== Given entries

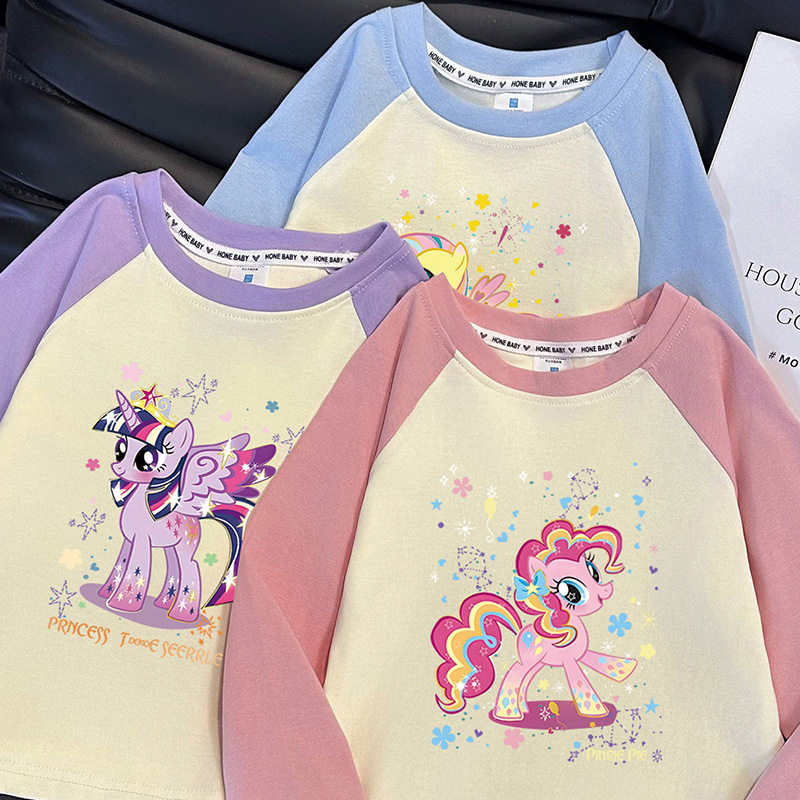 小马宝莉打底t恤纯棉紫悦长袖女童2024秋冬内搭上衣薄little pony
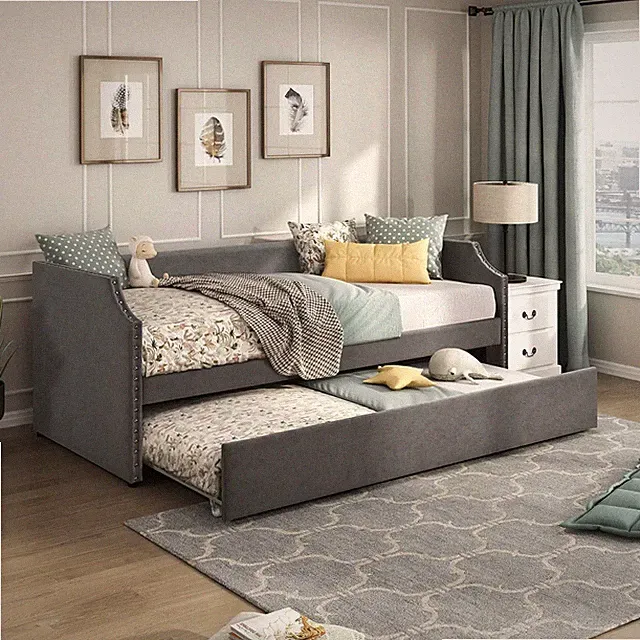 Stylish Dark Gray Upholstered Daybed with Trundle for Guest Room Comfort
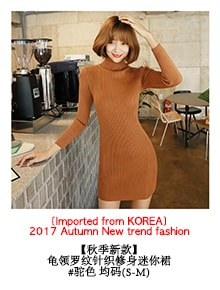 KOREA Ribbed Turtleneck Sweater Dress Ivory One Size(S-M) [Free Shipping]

====
== Given entries

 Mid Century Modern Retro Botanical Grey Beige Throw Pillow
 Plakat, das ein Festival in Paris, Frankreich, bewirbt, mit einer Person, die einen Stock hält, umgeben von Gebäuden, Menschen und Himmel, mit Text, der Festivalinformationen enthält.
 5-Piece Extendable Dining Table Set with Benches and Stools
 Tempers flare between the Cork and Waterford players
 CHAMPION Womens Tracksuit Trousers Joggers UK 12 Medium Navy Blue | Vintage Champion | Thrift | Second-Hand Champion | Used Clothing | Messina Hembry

====
== Given entries

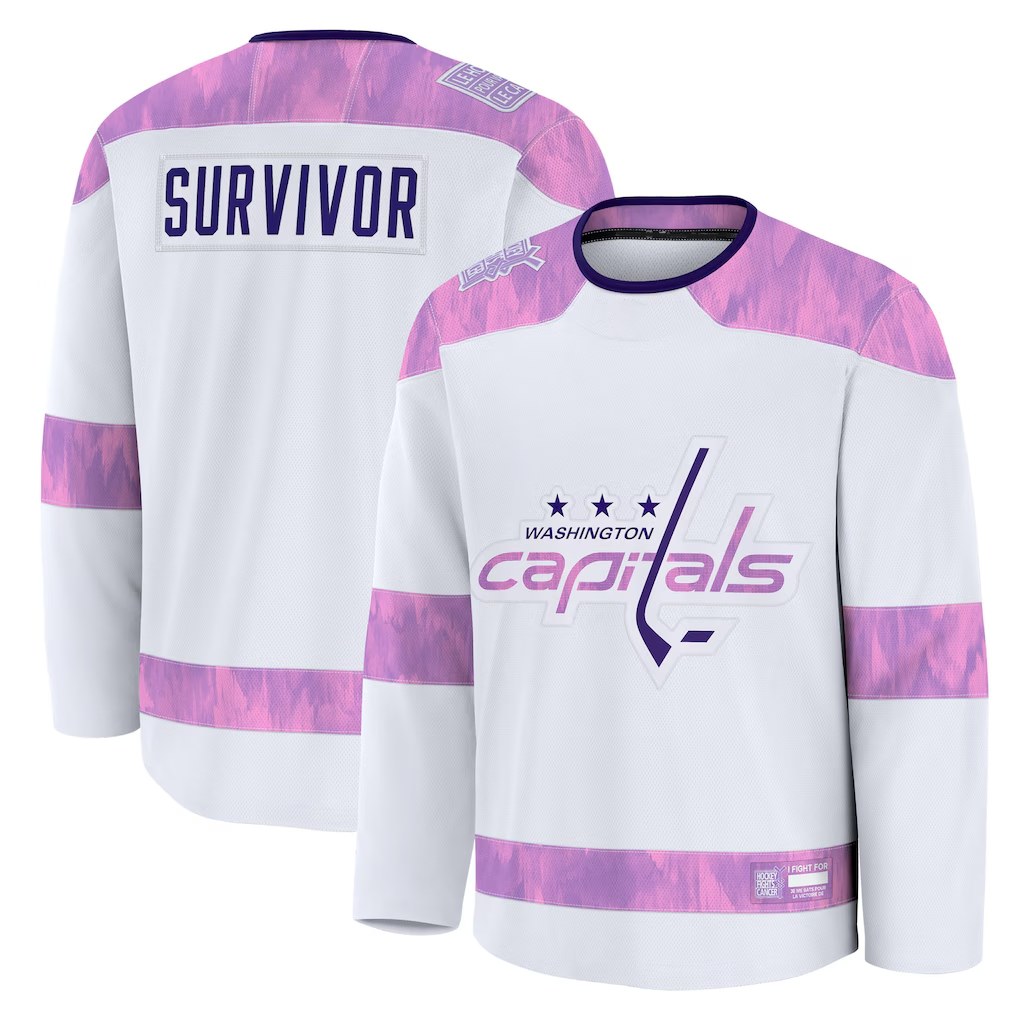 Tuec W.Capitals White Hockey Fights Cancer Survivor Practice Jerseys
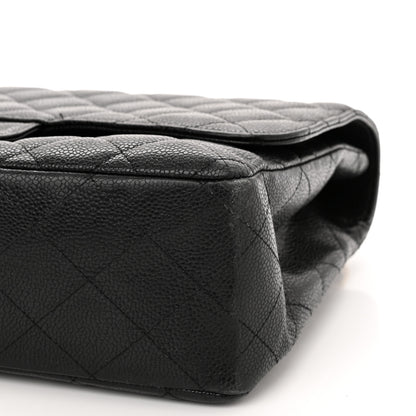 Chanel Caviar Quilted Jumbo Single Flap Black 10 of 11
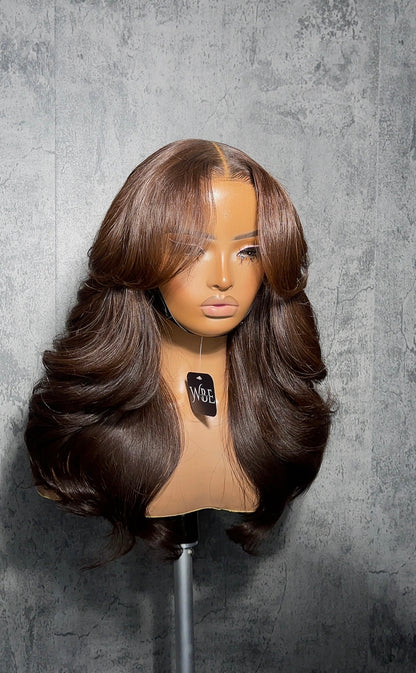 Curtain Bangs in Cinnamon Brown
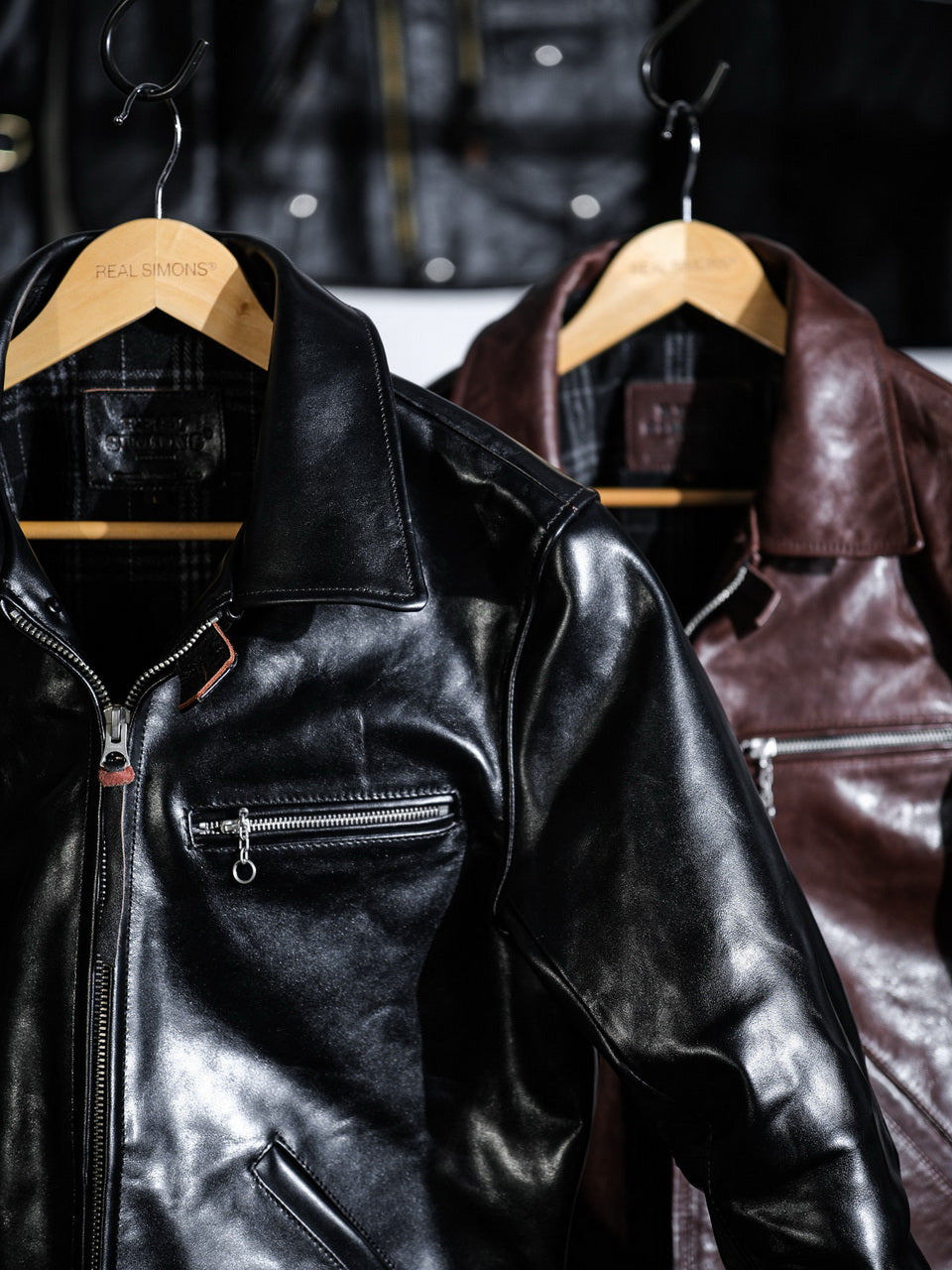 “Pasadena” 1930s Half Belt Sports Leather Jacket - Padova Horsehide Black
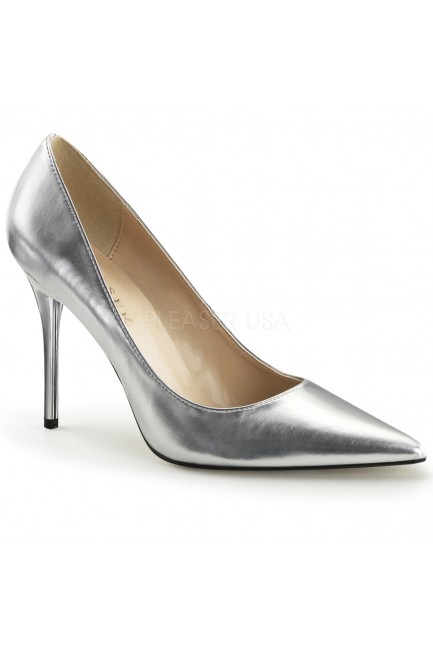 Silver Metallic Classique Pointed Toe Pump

====

Action item
Restate word for word the lines of the data above, starting at the line containing "Tempers flare between" and ending at the line containing "CHAMPION Womens Tracksuit", both included, and nothing more.

Exercise output
 Tempers flare between the Cork and Waterford players
 CHAMPION Womens Tracksuit Trousers Joggers UK 12 Medium Navy Blue | Vintage Champion | Thrift | Second-Hand Champion | Used Clothing | Messina Hembry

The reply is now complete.